在使用elasticsearch-py时不对master节点进行读写

最近我们搭建了一个新的Elasticsearch（以下简称ES）集群，集群中有3个master节点和6个data节点，集群使用到的ES版本为7.5.2。其中master节点JVM的堆内存设置为2GB，data节点JVM的堆内存设置为30GB，master和data节点都只用作单一的节点角色（即节点不会同时是master和data两种角色）。因为master不存储数据，所以我们给master三台负载的配置都比较低。

master配置不够导致读写出错

我们在操作ES集群的时候使用了elasticsearch-py这个ES的Python操作库，问题在于这个库在操作ES的时候会先根据ES的/_nodes/_all/http接口获取集群所有节点的HTTP接口地址，之后利用这些接口地址对ES进行读写。
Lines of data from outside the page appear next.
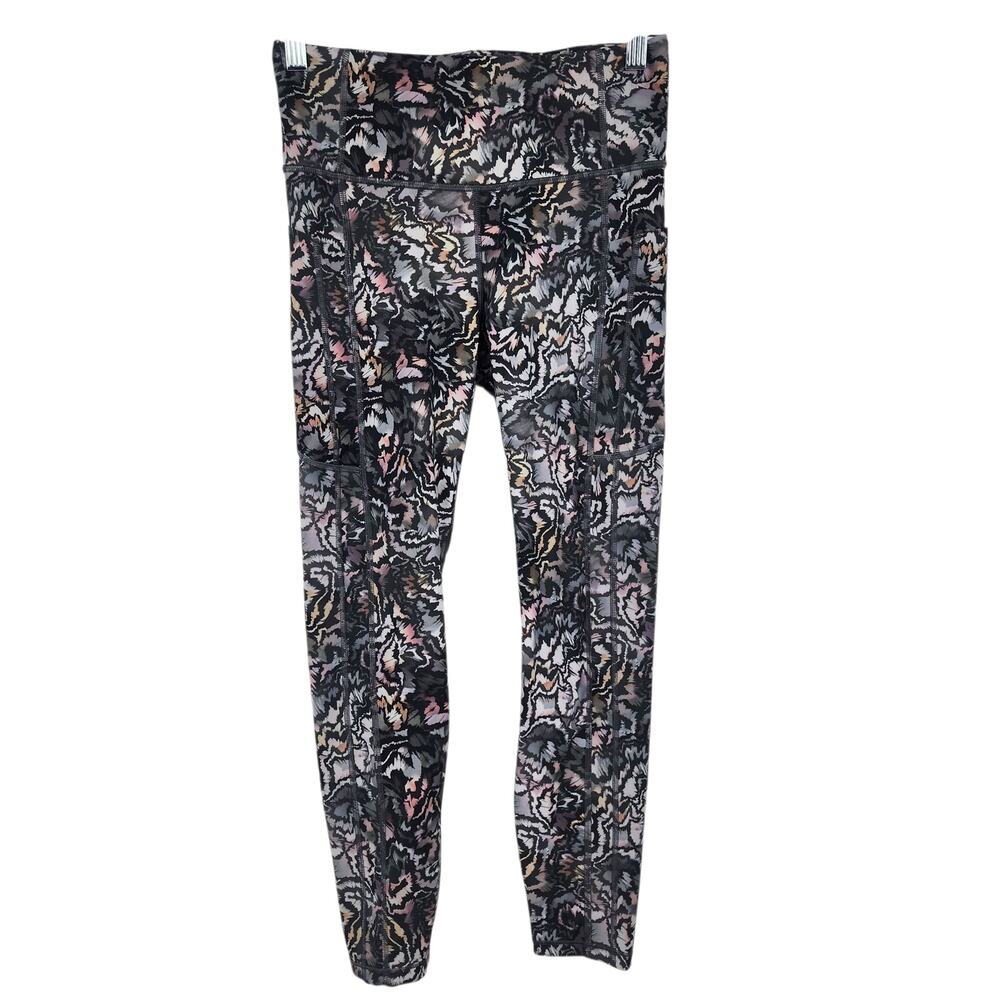 Athleta Ultimate Stash 7/8 Floral Printed Leggings Side Pockets Size Small
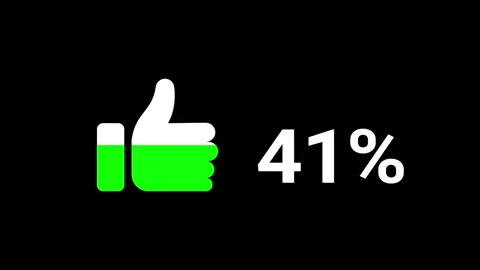 Minimalistic thumb up animation featuring a progressive green fill, symbolizing Stock Footage 310191168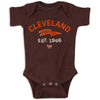 Retro Pennant Baby Apparel For Cleveland Football Fans (Nb-7T) (Chocolate Onesie, 12 Months)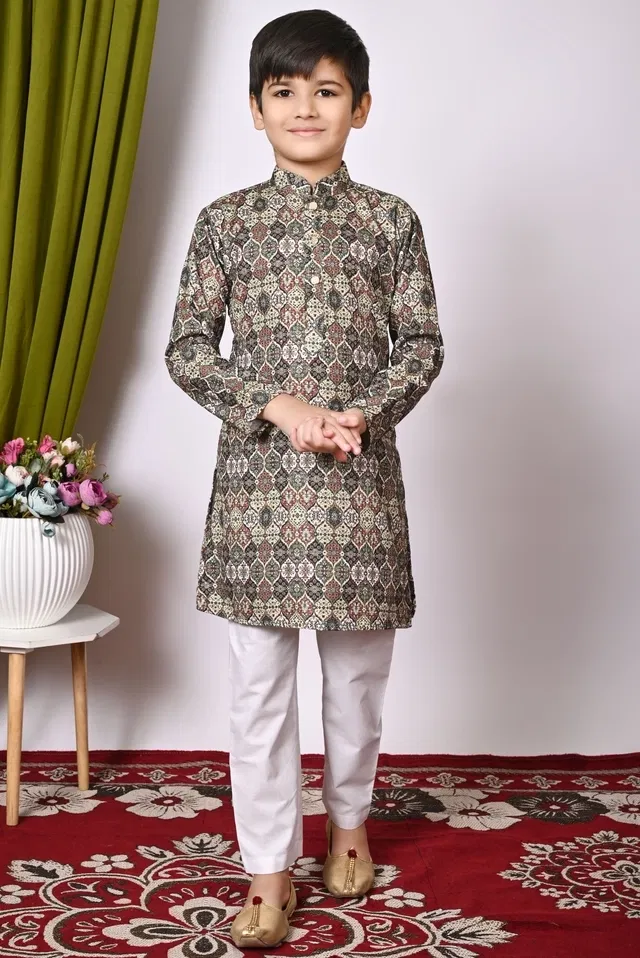 Cotton Blend Printed Kurta with Payjama for Boys, Multicolor (7-8 Years)
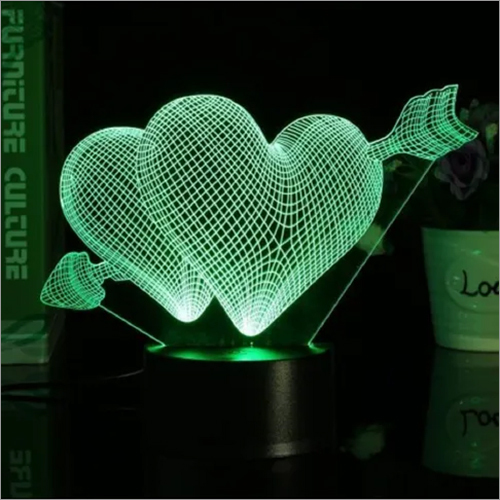 Green Love Heart 3D Illusion Led Night Lamp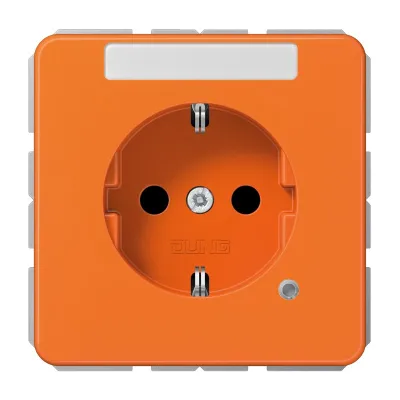 JUNG SCHUKO-Steckdose CD1520BFNAKOO | 16A 250V Unterputz | Funktionsanzeige LED | Berührschutz | Schriftfeld | orange
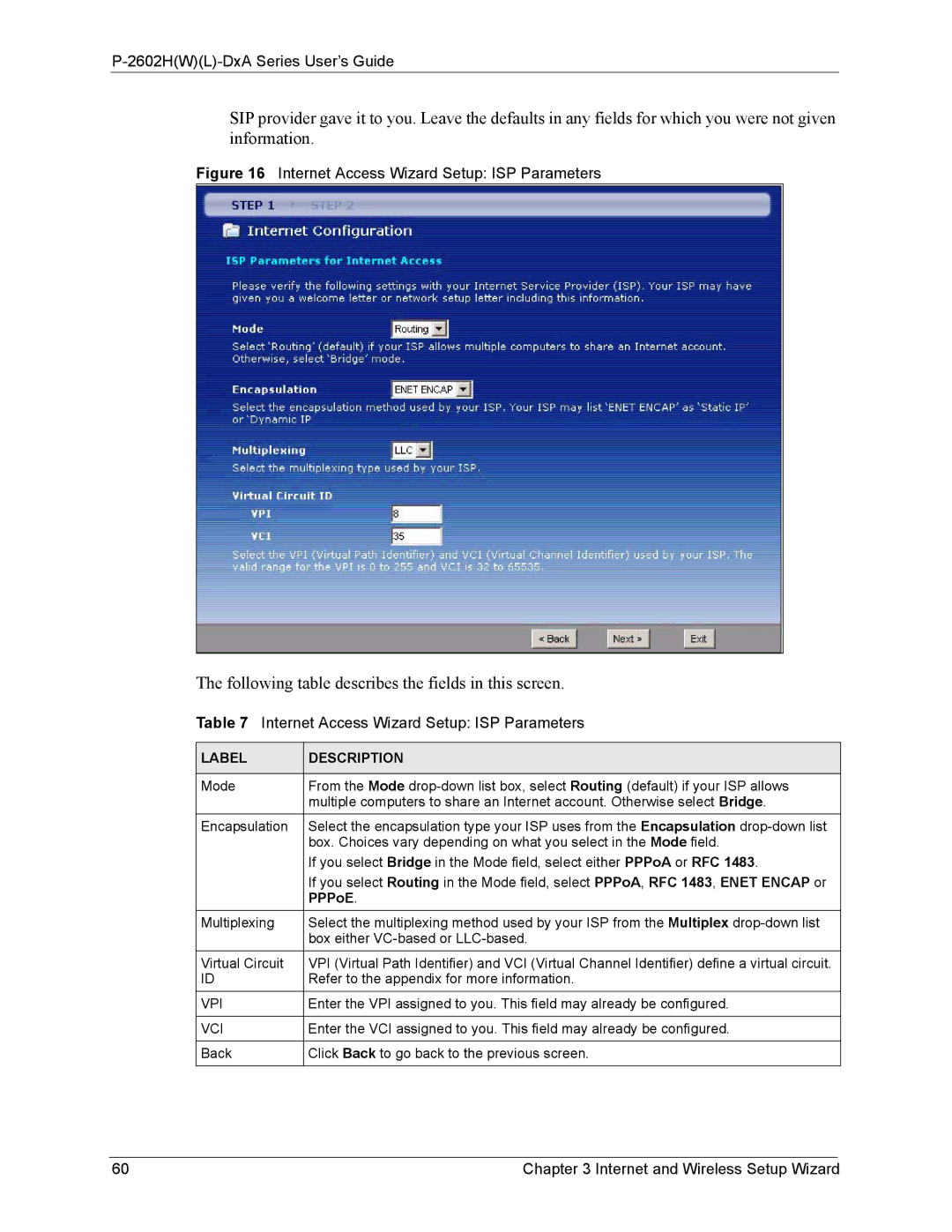 ZyXEL Communications P-2602 manual Label Description, PPPoE, Vpi, Vci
当然elasticsearch-py会在这些接口地址间做负载均衡以及错误重试等等操作，但是/_nodes/_all/http接口会同时返回master、data以及一些其它角色节点的HTTP接口地址，这就导致elasticsearch-py在后面操作集群的过程中既会读写data节点，也会读写master节点。

因为我们master节点的配置很低，所以一旦在master节点上面进行读写操作，那么master节点的压力尤其是内存的压力就会比较大，经常就会出现circuit_breaking_exception的错误。

解决办法就是利用的elasticsearch-py的host_info_callback参数来过滤要操作的节点，具体使用方式如下

在创建ES连接对象的时候指定回调方法

from elasticsearch import Elasticsearch

es = Elasticsearch(
    host_info_callback=not_master_nodes,  # 指定操作的回调方法
    sniff_on_start=True, sniff_on_connection_fail=True, sniffer_timeout=60
)

之后我们创建not_master_nodes过滤方法如下

def not_master_nodes(node_info, host):
    """
    由于master节点的性能较差，所以过滤掉master节点
    :param node_info:
    :param host:
    :return:
    """
    roles = node_info.get('roles', [])
    return host if 'master' not in roles else None

逻辑非常简单，就是把roles属性中包含了master的节点给剔除即可。

elasticsearch-py会在_get_host_info方法中调用host_info_callback方法，并且在sniff_hosts方法中对不符合要求的节点进行过滤，具体实现逻辑可以参考前面的源码连接。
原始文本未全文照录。